Frauen weisen den Weg
In dieser Stadt sollen die Straßen nur noch weibliche Namen tragen

Die Straßennamen sind in Bad Segeberg eine klare Männersache: Dr.-Helmut-Lemke-Straße, Timm-Kröger-Weg oder Waldemahr-v.-Mohl-Straße – Personen, mit teils dubioser Vergangenheit, zieren die Wegweiser der kleinen Stadt in Schleswig-Holstein. Frauennamen sind hier nur schwer zu finden, doch das soll sich jetzt ändern.
Bad Segeberg: Nur drei Straßen sind Frauen gewidmet
Idyllisch gelegen direkt am Segeberger See. Die Kleinstadt, die deutschlandweit für ihren Kalkberg und die Karl-May-Festspiele bekannt ist, macht jetzt durch ein anderes Thema auf sich aufmerksam.

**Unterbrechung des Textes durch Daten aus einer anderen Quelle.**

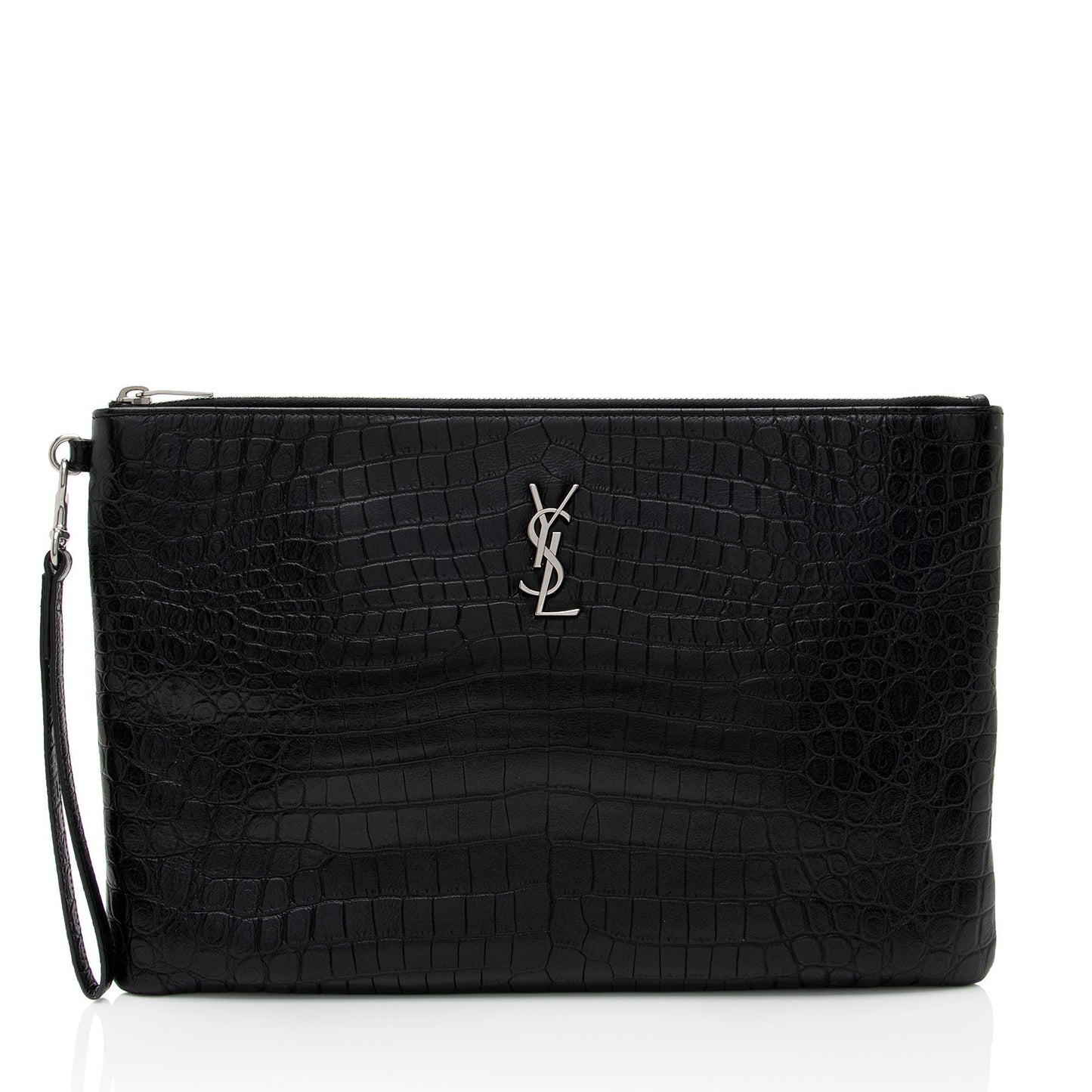 Saint Laurent Croc Embossed Leather Monogram Wristlet y9FaYl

Die Stadt hat insgesamt 175 Straßen, davon tragen 44 einen Personennamen. Lediglich drei sind Frauen gewidmet: Anne-Frank-Weg, Anny-Schröder-Weg und Hilda-Kühl-Weg. Diese sechs Prozent rufen Kritiker auf den Plan. Sie fordern, dass die Wegweiser in Bad Segeberg weiblicher werden. Viele der knapp 18.000 Einwohner der Stadt geben ihnen recht, denken es ist längst überfällig, aus den alten Strukturen auszubrechen und in Richtung Gleichberechtigung zu schreiten.
In einer Sozialausschuss-Sitzung vergangenen Dienstag wurde über den Entwurf der Grünen abgestimmt, die eine 100-Prozent-Frauenquote bei der Vergabe neuer Straßennamen fordern. Ein Anliegen, was die Politik in Bad Segeberg spaltet.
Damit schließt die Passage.